Cette légende aurait amplifié le mouvement de découverte.
Dans ce passage de L'arbre de nuit François Bellec décrit la manière de cuire les aliments à bord d'une caraque portugaise du début du XVIIe siècle.
p. 143
La nourriture était cuite à la diligence de chacun à l'entrepont, sur deux grands fourneaux
placés de part et d'autre du grand mât, l'un pour les gens de mer, le second pour les autres.

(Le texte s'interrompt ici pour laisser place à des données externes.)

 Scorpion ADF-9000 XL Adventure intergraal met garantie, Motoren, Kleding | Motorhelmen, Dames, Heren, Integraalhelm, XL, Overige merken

Ces fogoes consistaient en des bassins de fer reposant sur une sole en briques. Ils contenaient
des braises alimentées par du bois de chauffage. Gardés chacun par deux soldats, ils seraient
allumés chaque jour sur le coup de huit heures par le sergent, maître absolu du feu qu'il
transportait dans un falot de fer blanc percé de quelques trous pour laisser passer l'air
comburant. Deux grumètes renouvelaient le bois et tisonnaient les braises juste assez pour
qu'elles rougeoient sans flammes, sous le regard attentif d'un caporal dont l'unique fonction
était de surveiller les feux. Il était adjoint pour cela au sergent qui reviendrait à quatre heures
de l'après-midi les éteindre soigneusement et noyer les braises que les grumètes jetteraient
aussitôt à la mer sous le contrôle de soldats. Le feu était une terreur à bord, surtout lors des
voyages de retour car les cargaisons étaient alors éminemment combustibles. Les clous de
girofle étaient disait-on de la véritable poudre à canon.
À bord de ce navire sans cuisiniers, on pourrait compter pendant les huit heures d'ouverture
des fogoes jusqu'à quatre-vingts pots de cuivre, de fonte ou de terre mijotant à la fois sur les
fourneaux.
François Bellec.
L'Arbre de nuit
Éditions Jean-Claude Lattès. Paris. 2012.